New research presented at the American Heart Association (AHA) EPI|Lifestyle Scientific Sessions 2026 highlighted that excess fat stored around the waist, known as central obesity or visceral fat. It is a more powerful predictor of heart failure risk than overall bodyweight as measured by body mass index (BMI). The findings suggest that fat distribution in the body matters more than total body weight. Individuals with higher wrist circumference or waist-to-height ratios were found to have a significantly increased risk of developing heart failure, even when their BMI falls within the normal range. This challenges the traditional reliance on BMI as the primary measure of obesity-related health risk and suggests that clinicians must incorporate waist measurements into routine assessments to better detect at-risk individuals.

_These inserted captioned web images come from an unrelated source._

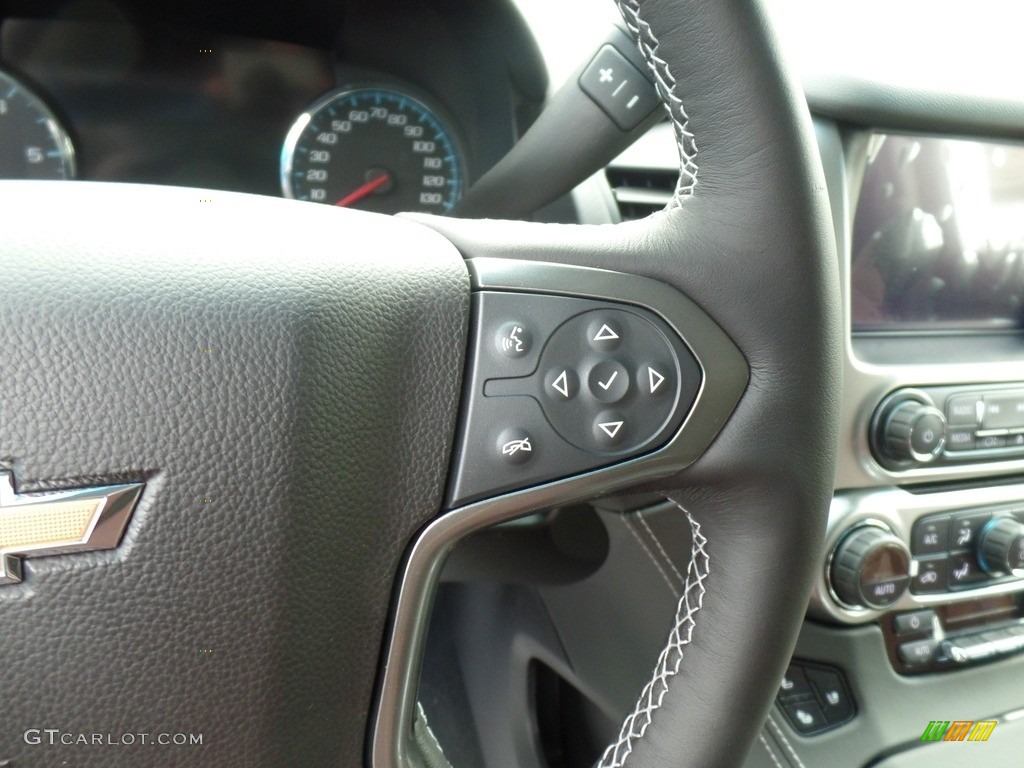 2019 Chevrolet Tahoe Premier 4WD Controls Photo #131378576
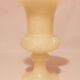 Alabaster table lamp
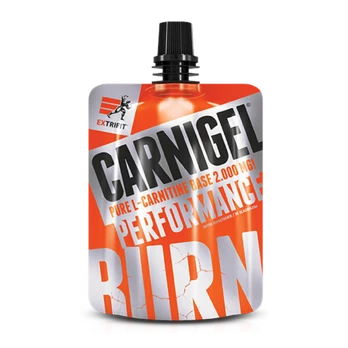 Extrifit CARNIGEL® 60 g. L-Karnitinas - lieknėjimui
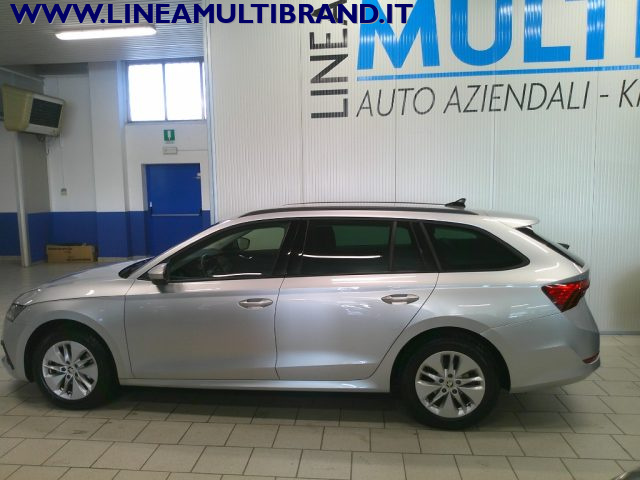SKODA Octavia usata, con Alzacristalli elettrici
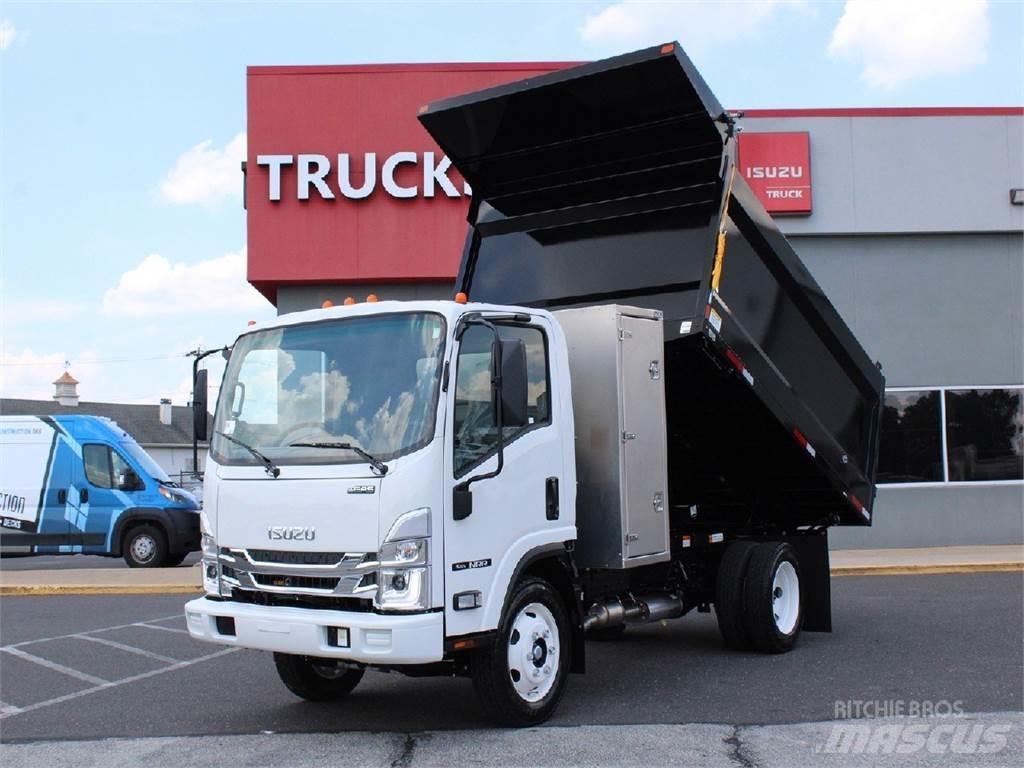 Isuzu NRR Tipper trucks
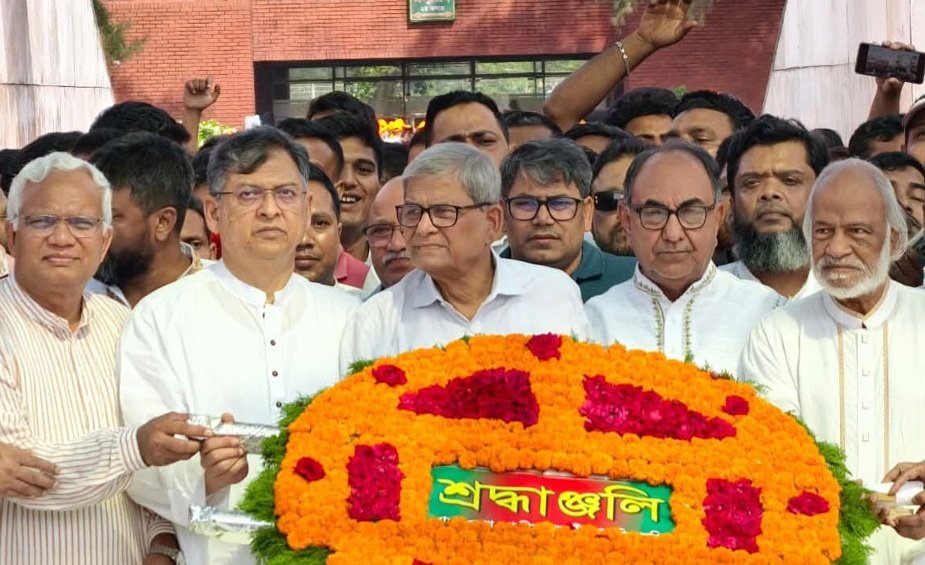 গণতন্ত্র ধ্বংসের চক্রান্ত চলছে: মির্জা ফখরুল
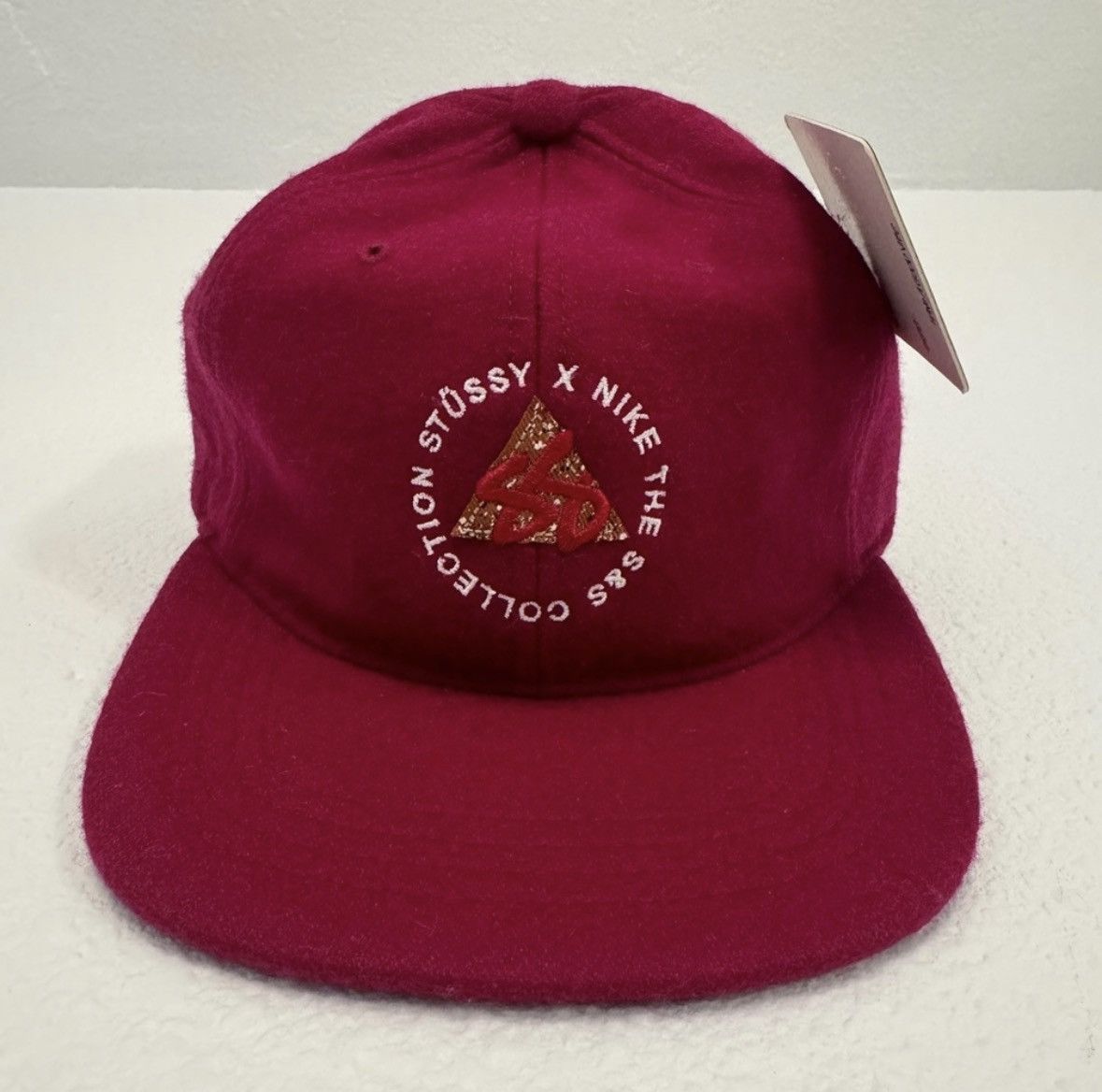 Nike × Stussy Stussy Nike Hat Size ONE SIZE - 1 Thumbnail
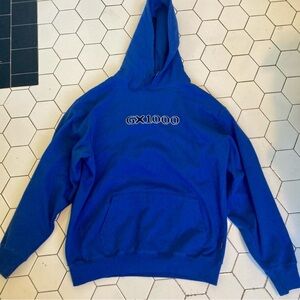 Streetwear GX1000 (Skateboarding) hoodie sweatshirt-EUC, Size Large (Men’s)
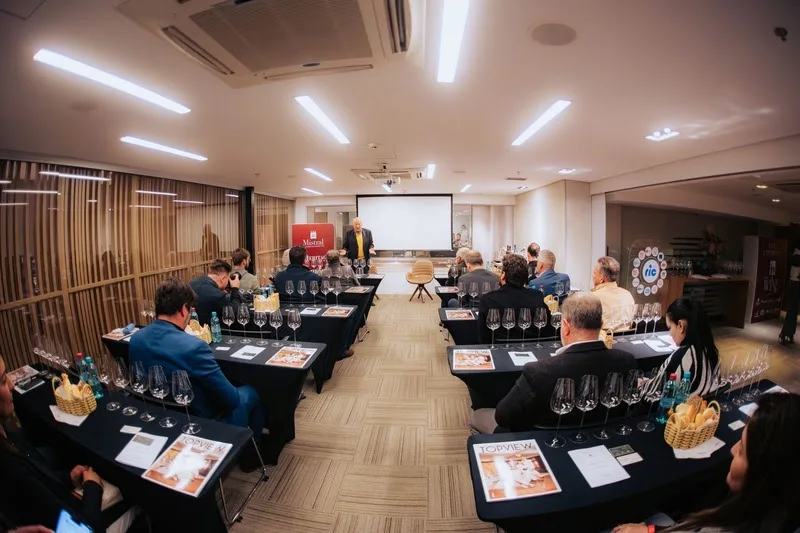 CWB Wine abre masterclasses com especialistas durante festival em Curitiba
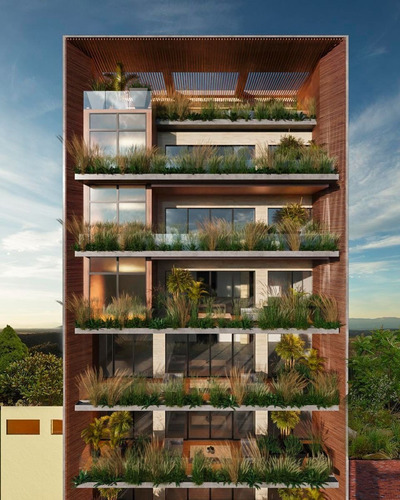 Imagen 8 de 11 de Preventa Increibles Departamentos Bosques De Las Lomas Con T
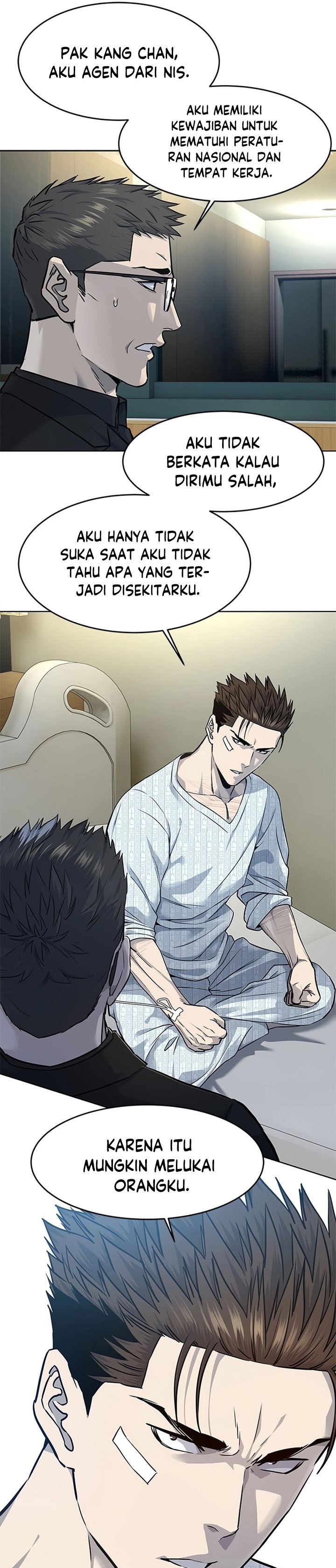 God of Blackfield Chapter 121 Gambar 8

The study detected systemic inflammation as a key factor linking abdominal fat to heart failure. Inflammation measured using biomarkers like high-sensitivity C-reactive protein (hs-CRP) accounted for about one-quarter to one-third of the association between visceral fat and heart failure risk. This indicates that excess belly fat can contribute to heart failure largely by promoting chronic inflammation throughout the body, which can damage blood vessels, disrupt immune responses, and lead to structural changes in the heart, like fibrosis or scarring. Over a median follow-up period of 6.9 years, 12 out of 1,998 participants developed heart failure, and those with higher levels of inflammation were more likely to experience this outcome. Notably, increased BMI was not linked to a higher risk of heart failure in this study, further reinforcing the limitations of BMI as a standalone metric.
The research collected data from the Jackson Heart Study, which included African American adults aged 35 to 84 years from communities in Jackson, Mississippi, who were initially free of heart failure. Participants were followed for nearly 7 years, and multiple measures of body composition were analyzed alongside inflammatory biomarkers to explore their relationship with cardiovascular outcomes. As per the lead researcher, Szu-Han Chen, these findings help explain why some individuals develop heart failure despite having a seemingly healthy body weight, underscoring the importance of monitoring central obesity and inflammatory markers in clinical practice. This study aligns with prior guidance from the AHA, which has identified systemic inflammation as a major contributor to cardiovascular disease and a potential target for prevention strategies.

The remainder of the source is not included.